В литературной жизни 1800-х гг. Б. занимает значительное место. В кругу Вольного о-ва любителей словесности, наук и художеств, членом которого он становится в 1807, в нем видят преемника Радищева. Космизм и философские поиски сближают Б. с А. X. Востоковым и И. П. Пниным. Он печатается в журналах активных членов общества: И. И. Мартынова («Сев. вестн.», «Лицей»), А. П. Бенитцкого и А. Е. Измайлова («Талия» и «Цветник»). На страницах «Сев. вестн.» (1804—1805) поэзия Б. оценивается как знаменательное явление в рус. литературе. «Счастлива страна, которая имеет таких поэтов!» — говорится в «Журн. рос. словесности» (1805, ч. 1, с. 120).
Б. выступает как решительный противник карамзинистской эстетики. В 1805 он декларирует свою позицию в памфлете «Происшествие в царстве теней, или Судьбина российского языка» (впервые опубл. в ст.: Лотман Ю. М., Успенский Б. А. Споры о яз. в нач. XIX в. как факт рус. культуры. — Учен. зап. Тарт. ун-та, 1975, № 358), который становится полемическим ответом П. И. Макарову — автору критического разбора «Рассуждения о старом и новом слоге российского языка» А. С. Шишкова. Далекий от Шишкова, Б. тем не менее воспринимается карамзинистами как типичный «архаист». Эпиграмма П. А. Вяземского закрепляет за Б. репутацию малопонятного, «темного» и «дикого» поэта: «Нет спора, что Бибрис богов языком пел, Из смертных бо никто его не разумел». Как и Вяземский, сатирически обыгрывает пристрастие Б. к вину К. Н. Батюшков: «Как трудно Бибрису со славою ужиться! Он пьет, чтобы писать, и пишет, чтоб напиться» («Бибрис» от лат. «bibere» — пить). С другой стороны, современники делят оды на «ломоносовские, державинские и бобровские» (см.: Левитский И. М. Курс рос. словесности. СПб., 1812, ч. 2, с. 89); Г. Р. Державин видит в Б. своего ученика; путем Б. пытается идти С. А. Ширинский-Шихматов. В 1820-х гг. интерес к творчеству Б. возникает в кругу младоархаистов (А. С. Грибоедов, В. К. Кюхельбекер). Исследователи отмечают несомненную связь вступления к «Медному всаднику» А. С. Пушкина со стихотворениями Б. «Установление нового Адмиралтейства» (1797) и «Торжественный день столетия» (1803?). Внимание Пушкина к поэзии Б. усиливается в годы его разрыва с карамзинистами. Как поэт Б. стоит у истоков той традиции, которая через кружок С. Е. Раича и любомудров ведет к философской лирике Ф. И. Тютчева.

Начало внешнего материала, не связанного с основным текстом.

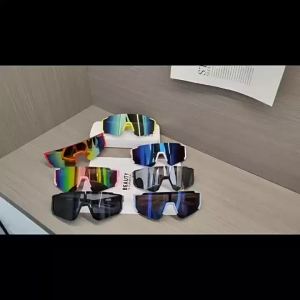 2025 Cycling Glasses for Kids Outdoor Hiking Sports Sunglasses UV400 MTB Bike Eyewear Girls Boys Camping Fishing Eye Accessories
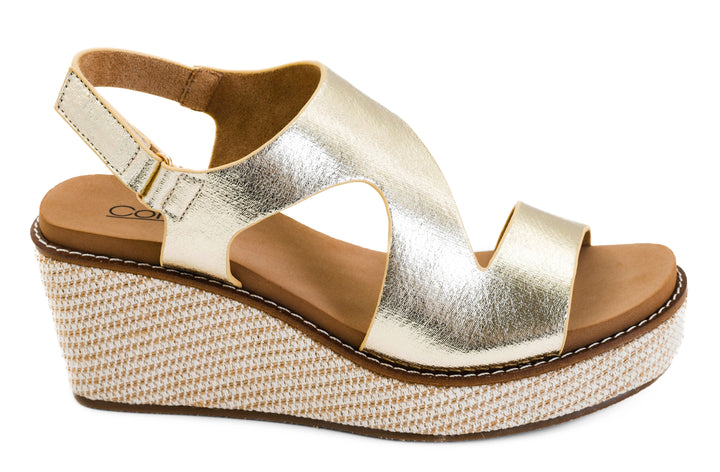 Corky’s Steppin Out Wedge - Gold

Лит.: П. И. [Икосов П.]. [Некролог]. — Друг юношества, 1810, № 5; С. С. [Некролог]. — Вестн. Европы, 1810, № 11; Саитов В. И. С. С. Бобров. — В кн.: Батюшков К. Н. Соч. СПб., 1885, т. 2; Брайловский С. С. С. Бобров. — Изв. ист.-филол. ин-та кн. Безбородко в Нежине, 1895, т. 15; Венгеров. Словарь, т. 4 (1895); Розанов И. Н. Рус. лирика. М., 1914; Альтшуллер М. Г. С. С. Бобров и рус. поэзия кон. XVIII — нач. XIX в. — В кн.: XVIII век. М.; Л., 1964, сб. 6; Заборов П. Р. «Ночные размышления» Юнга в ранних рус. пер. — Там же; Левин Ю. Д. Англ. поэзия и лит. рус. сентиментализма. — В кн.: От классицизма к романтизму. Л., 1970; Лотман Ю. М. С. С. Бобров. — В кн.: Поэты 1790—1810-х годов. Л., 1971; Зайонц Л. О. 1) Э. Юнг в поэтическом мире С. Боброва. — Учен. зап. Тарт. ун-та, 1985, № 645; 2) «Маска» Бибруса. — Там же, 1986, № 683.